Reflection — the kind that emerges in the wake of self-awareness — is key to achieving excellence.

Once You Get Comfortable, Find A New Way to Get Uncomfortable

Because of these two methodologies, almost without fail, Top Gun trainees would see remarkable improvement in the first few weeks of their training. This improvement, however, ended up being the greatest challenge of all. The problem is often called the “curse of comfort.” Most (and I mean most) musicians, athletes, and performers never make it past good and on to great simply because they reached a level of achievement that was good enough for adoring parents and middling local competition. One of Ericsson’s chief — and perhaps most controversial — findings in his study of excellence is that satisfaction, not talent, is the real barrier that separates Olympic athletes and chess grandmasters from their peers. Remarkable achievement comes when those pursuing growth find newer and newer ways to push themselves beyond their previous plateaus. Even if those around them are satisfied, they never are.

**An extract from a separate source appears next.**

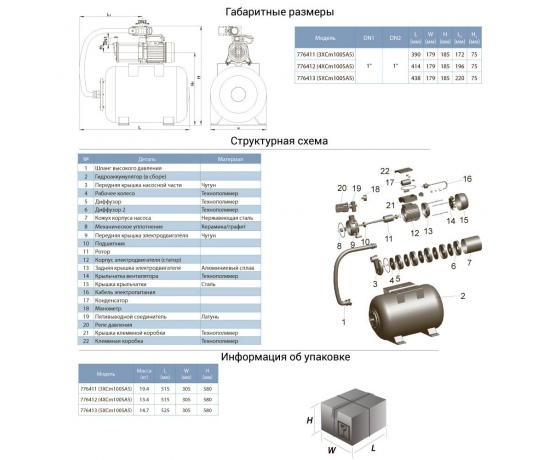 Фото 3 - Станция 0.6кВт Hmax 35м Qmax 80л/мин (многоступ. насос) 24л LEO (776411)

After the Vietnam War ended, the U.S. Navy no longer had a reason to keep Top Gun open, but the experiment had been so successful, that they decided to continue it – even at great cost. For several decades, Top Gun graduates continued to push themselves more than any other military force on the planet, and when the need for fighter pilots finally returned, the results of their deliberative practice shone brighter than ever. Ericsson highlights just how big of a difference the training made:

”By the time of the First Gulf War, both (the Navy and Air Force) had honed their programs so much that the pilots were far better trained than those in almost any other fighting service in the world. During the seven months of the First Gulf War, U.S. pilots shot down thirty-three enemy planes in air-to-air combat, losing only one plane in the process—perhaps the most dominant performance in combat aviation history."

Excellence, as it turns out, may be best defined not as the uncovering of a vast hidden talent but as the result of an intentional and relentless process. So, what goal are you currently chasing? What plateaus have you been camping out on for a little too long? How could you utilize the principles of deliberative practice to push yourself just a little further?